Adventures Of A Mail-in Ballot: From Your Hand To Final Tally

Davis County Clerk Curtis Koch said so far they’ve received about 50% of the ballots they sent out.
Emily Means
/
KUER
Davis County Clerk Curtis Koch said the county has around 192,000 registered voters — the most they’ve ever had. As of Friday, they had processed nearly 60% of ballots.

The Davis County Clerk’s office was buzzing with less than a week to go before Election Day.

“We’ve got a lot of things going on right now,” said Curtis Koch, the county clerk, as he walked past a box of donuts and squirted hand sanitizer into his palms.

Koch said he has hired around 30 people to process ballots at the county elections center in Farmington. The room is full of whirring machines and bins stuffed with ballots.

One of the first steps is verifying voter signatures.

“We may have up to five or six different signatures that the person has provided through the [Division of Motor Vehicles] or voter registration forms,” Koch said. “That’s what we’re comparing against. If it’s a match, great, then it moves on. If it’s not, then we elevate it to more senior staff. They’re going to do some more checks.”

If the signatures still don’t match, staff will reach out to the voter to confirm it’s their ballot.

After that, the forms get separated from envelopes and scanned, and that data is uploaded onto a secure server. Koch said ballots stay completely secret through the whole process.

“If somebody says, ‘Curtis, can you track down my ballot because I want to change [it]?’ No, I can’t,” he said. “Once it’s verified that it’s been cast by an eligible voter, it goes into a batch and it’s done.”
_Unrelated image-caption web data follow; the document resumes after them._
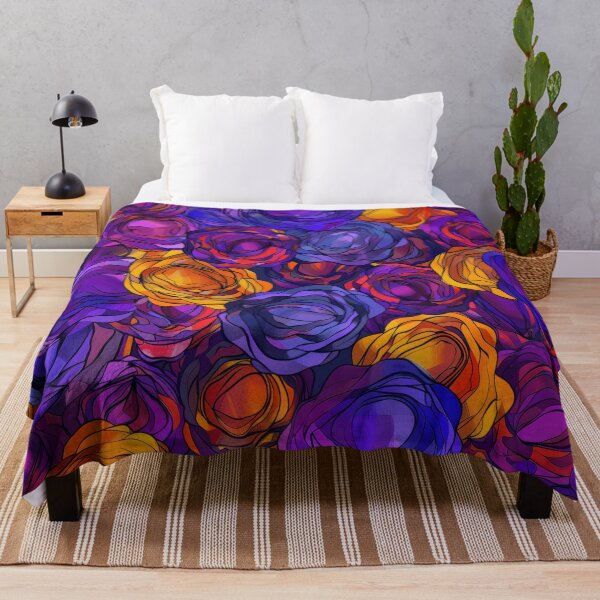 Item preview, Electric Florals designed and sold by KyzArt01.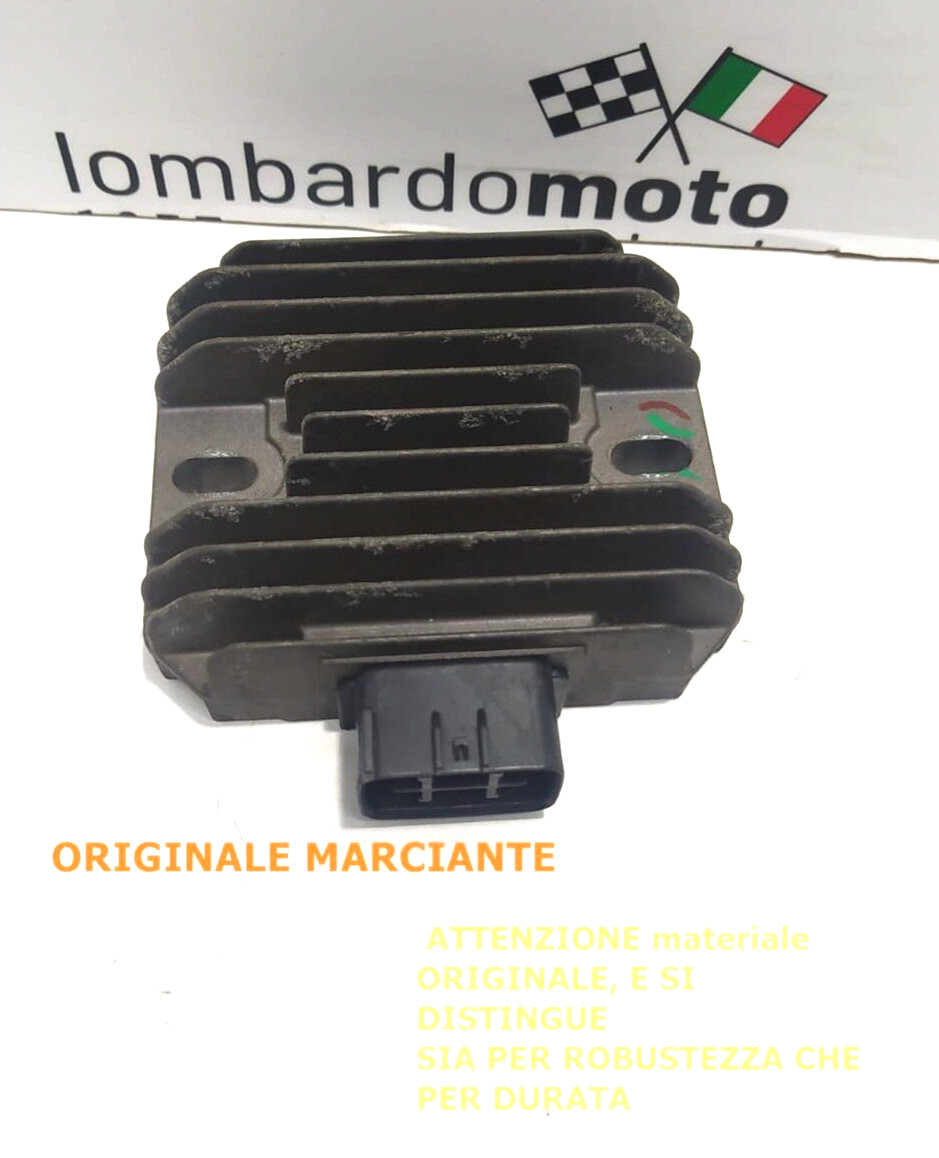 REGOLATORE DI TENSIONE originale SUZUKI BURGMAN 400 2003 2012 K429 k432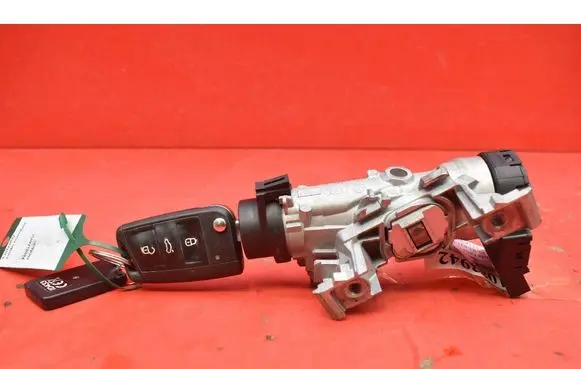 Skoda Fabia Mk3 (NJ) Ignition lock 1K0905851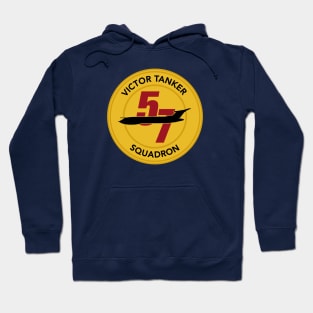 Victor Tanker 57 Squadron Patch Hoodie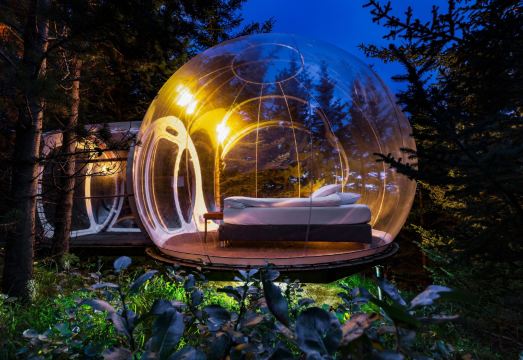 Buubble Hotel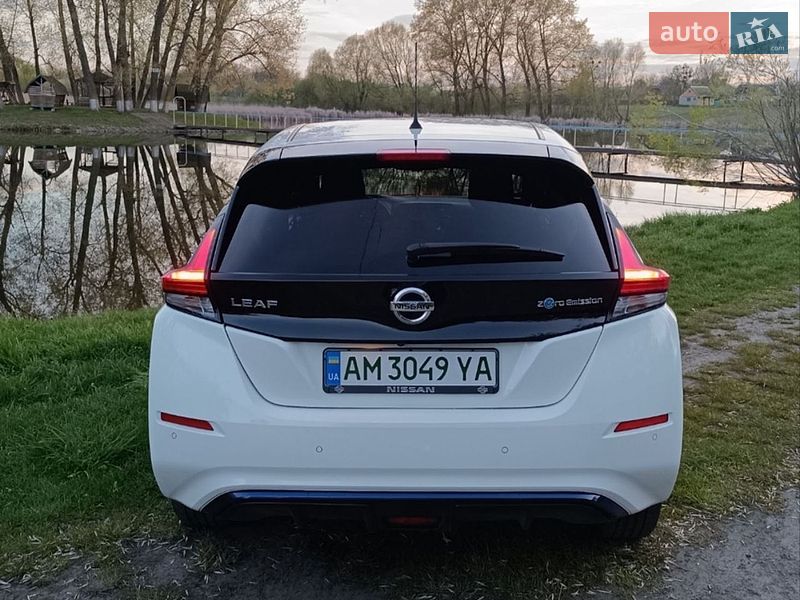 Хэтчбек Nissan Leaf 2020 в Бердичеве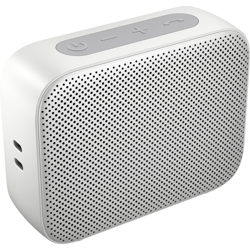 Silver Bluetooth Speaker 350, Altoparlante características
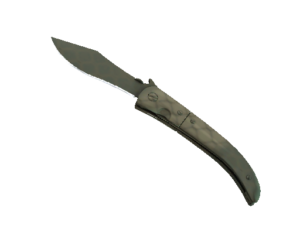 Navaja Knife | Safari Mesh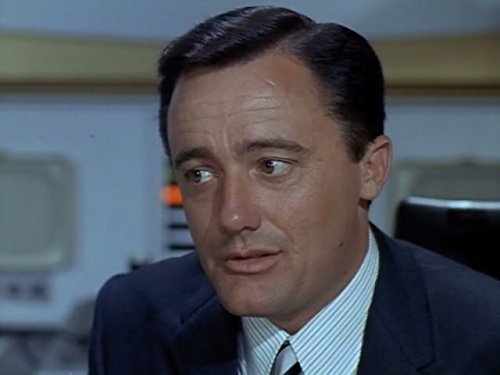 Robert Vaughn in The Man from U.N.C.L.E. (1964)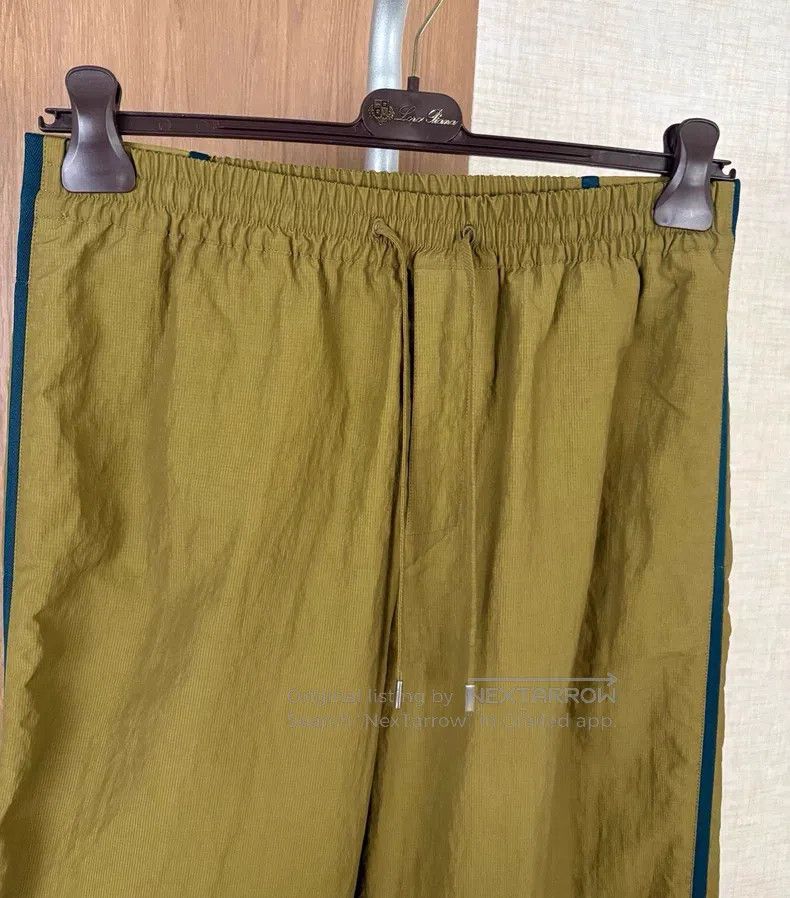 Hermes Hermes Spring-Autumn Men's Joggers Size US 26 / EU 42 - 2 Thumbnail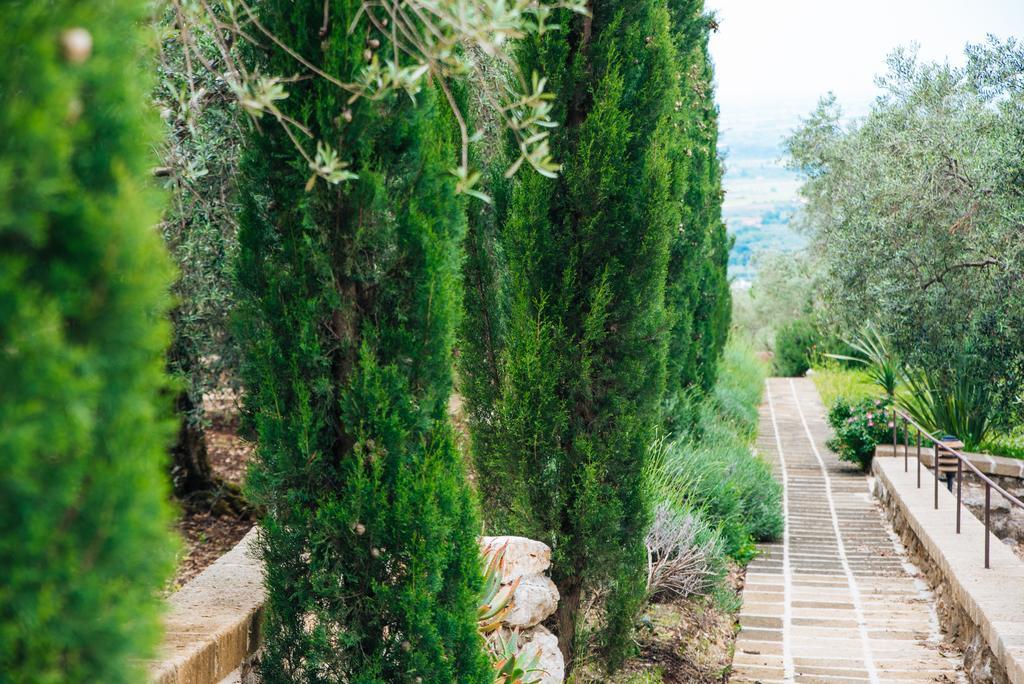 Agriturismo Castello Santa Margherita Cori 외부 사진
Clerks will keep counting them until the results are certified two weeks later — as long as they were postmarked by the day before the election. During the 2016 general election, Koch said his office rejected around 250 ballots that were postmarked late.

“Some people might think, well, it's Monday, Nov. 2. I'm going to go drop [my ballot] in a post office box,” he said. “The problem is that post office box has already been picked up for the day, and so it's going to be postmarked the next day. At that point, I have to reject the ballot.”

Election drop boxes are open until 8 p.m. on Tuesday.

Emily Means is a government and politics reporter at KUER.